Why are Quasars interesting objects to study?! 

The strength of the quasar is what makes them interesting to study. 

To understand this, let me ask you a question - What galaxies do the stars in our night sky belong to?! The answer to this question is - All of the stars you see belong to the milky way galaxy! You might've heard that the Milky way galaxy is a disk but this disk has a certain width, and because we are in the middle of this disk - we see stars above and below us as well! 

Therefore, you can hardly resolve stars from other galaxies - Andromeda is the nearest galaxy and LMC & SMC (Large and Small Magellanic Clouds) are the nearest satellite galaxies and we need huge telescopes to resolve the stars in them! Therefore, stars in galaxies much further can't be resolved! The galaxy itself will look like a blob - technically an extended object. Following the same argument, as you go further away, you will not be able to see galaxies themselves!

And this is where Quasars come in. Because they are so strong, you will be able to see them to further distances than normal galaxies! And because they are so strong - the galaxy's emission will be drowned by the quasar's emission. 

How to study Quasars?!

As explained, Quasars are interesting objects to study. So, how does one go about identifying them and studying them in detail?! Two features that can be used to identify Quasars are it's color and it's spectrum. But obtaining a spectrum takes a long time. So, you'd better be sure that this object is a quasar! So, people use the colors of astronomical objects to look for possible quasar candidates and confirm this by spectroscopy! 

The plots 1,2 & 3 are color vs color. The 4th plot - i* vs g*-r* is magnitude vs color.

Telescopes sweep the skies, night after night, digitizing it in the process. Once the sky is digitized, there are automated processes that go about looking for point sources and extended sources in the sky. Once these objects - stars, galaxies, quasars, nebulae and what not - are found, their colors are measured. Once the colors are measured, they are plotted as shown above. If the object colors falls within the red locus - they are quasar candidates. If the object colors fall within the black locus - they are probably just stars! This is one way of selecting potential quasar candidates to study them further! 

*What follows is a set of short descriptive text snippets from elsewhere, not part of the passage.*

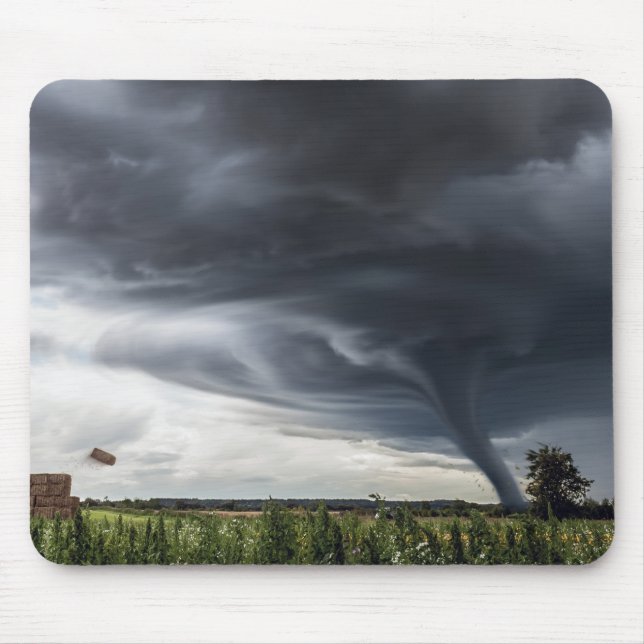 Storm tornado or twister lifing hay in bad weather mouse pad (Front)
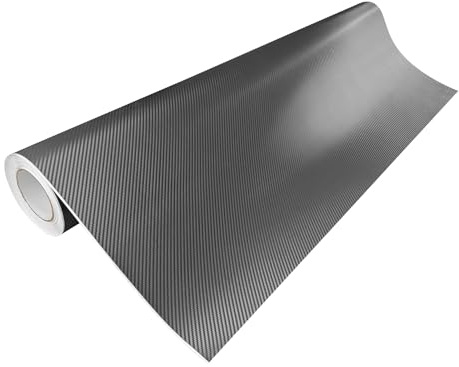 DecoMeister Pellicola Adesiva per Auto 100x300 cm - Pellicola Fibra di Carbonio Wrapping Termoformabile e AntiGraffio - Pellicola Protettiva UV per Auto, Moto - Interno ed Esterno - Carbon 3D Grafite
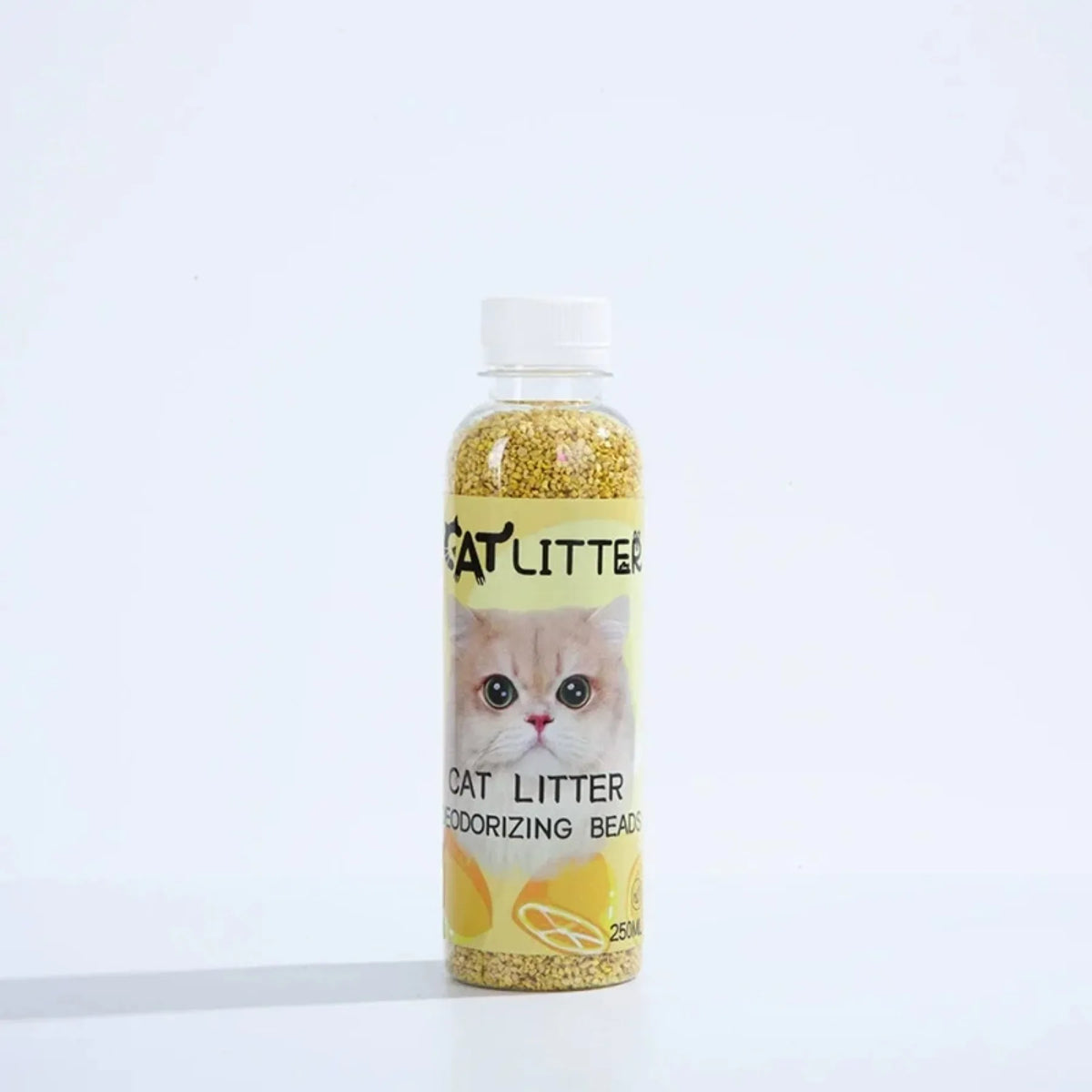 FanzyMarket cat litter deodorizer beads in a green bottle, odor eliminator and freshener for litter boxes, pet grooming and hygiene.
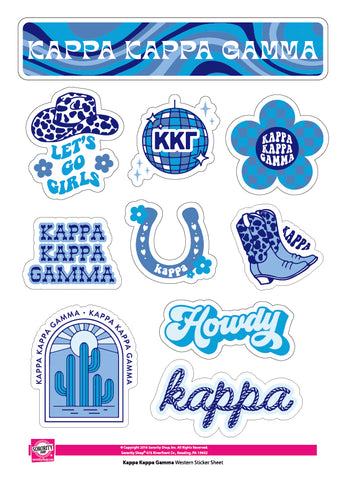 Kappa Kappa Gamma Sticker Sheet - Western Disco Design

What have i been working on?!

I'm hoping this gif explains part of what i'm working on.

The black line in the background you see is the spectrum of the quasar - a composite spectrum rather, made by putting together a lot of quasar spectra. The colored curves in the foreground are the transmittance curves of the 5 SDSS filters - u,g,r,i,z respectively. The y axis in the case of the spectrum is the relative flux of the spectrum and the y-axis in the case of the filter response (transmittance) curves is the transmittance.

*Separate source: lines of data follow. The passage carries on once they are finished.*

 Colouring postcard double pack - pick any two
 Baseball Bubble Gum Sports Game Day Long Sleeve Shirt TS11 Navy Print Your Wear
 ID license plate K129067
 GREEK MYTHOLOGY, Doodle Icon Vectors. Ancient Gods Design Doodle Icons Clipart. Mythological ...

The spectrum is moving towards the right signifying how the spectrum of a redshifted quasar will look. The spectrum is moving in steps of 0.05 and eventually stops at redshift = 5. Basically, we are looking at quasars further and further away.

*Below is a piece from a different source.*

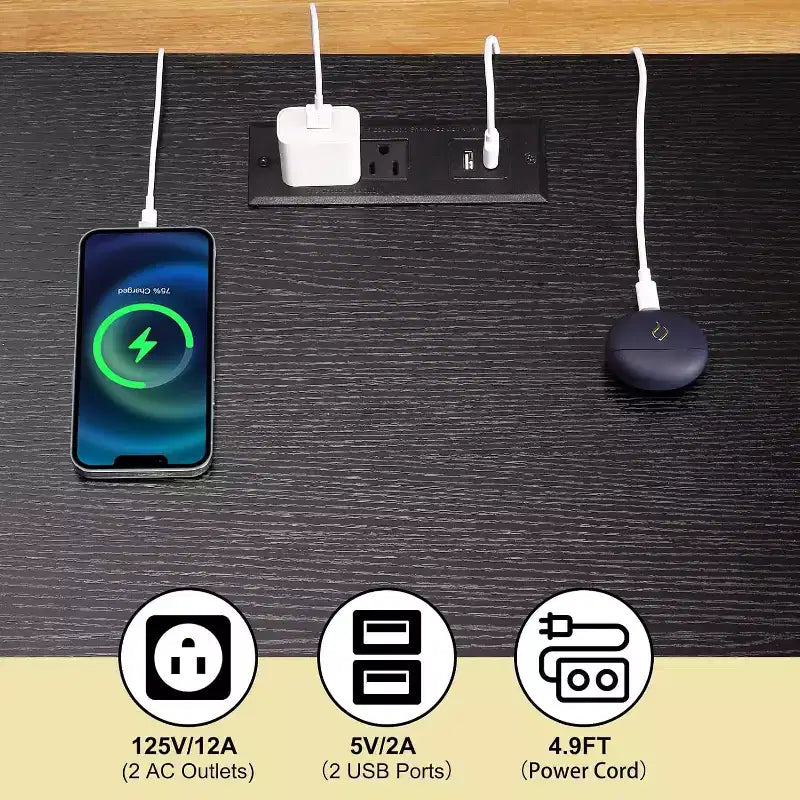 Armoires de rangement décoratives, table de chevet avec station de recharge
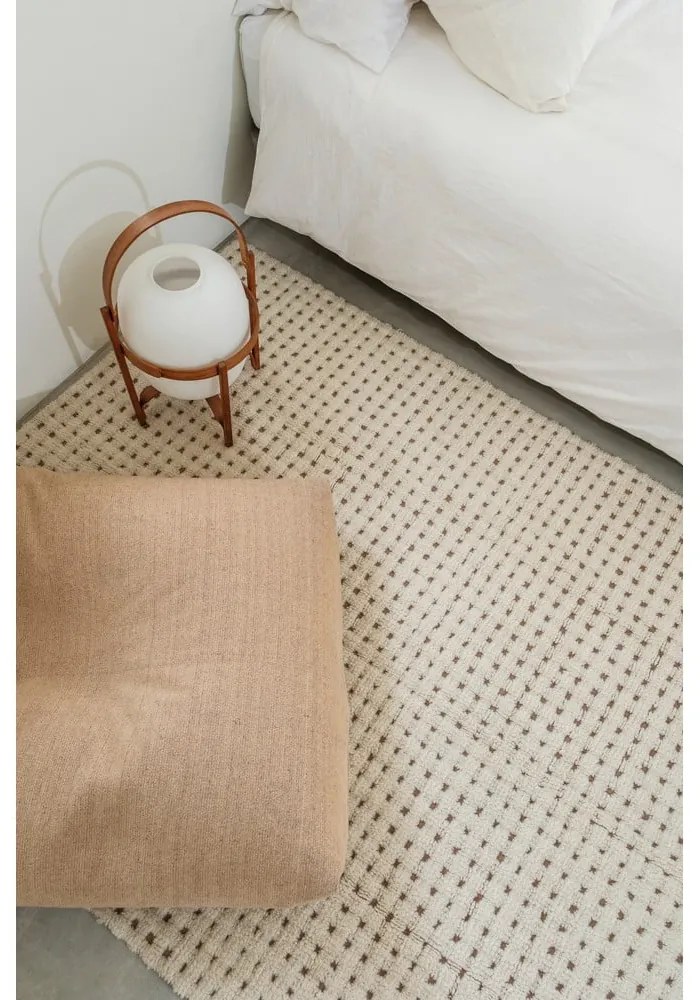 Ръчно изработена вълнена пътека подходяща за пране в цвят слонова кост 80x230 cm Unexpected Wool – Lorena Canals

And as you can see, there are certain values of redshift where a certain emission line - H lyman alpha, CIII etc either enter a specific filter or leave a specific filter. This will result in a change in the color of the quasar i.e the area under the filter curve. Which is what is plotted here -

As seen, there are certain features on the plots - these ups and downs correspond to the emission lines coming in and leaving filters - as mentioned!

As i mentioned earlier, this is another way to look for potential quasar candidates.
And not just that, this work was extended to estimate the redshift of a quasar using just photometry of the quasar.

And that's the end of the story for now. I can go on but i'd rather end it here. As for further work, i'm trying to replicate the contour plot used to look for quasar candidates and i'm trying to clean the data set i worked on - remove outliers and the like. From now on though, no more lengthy essays on quasars. As promised.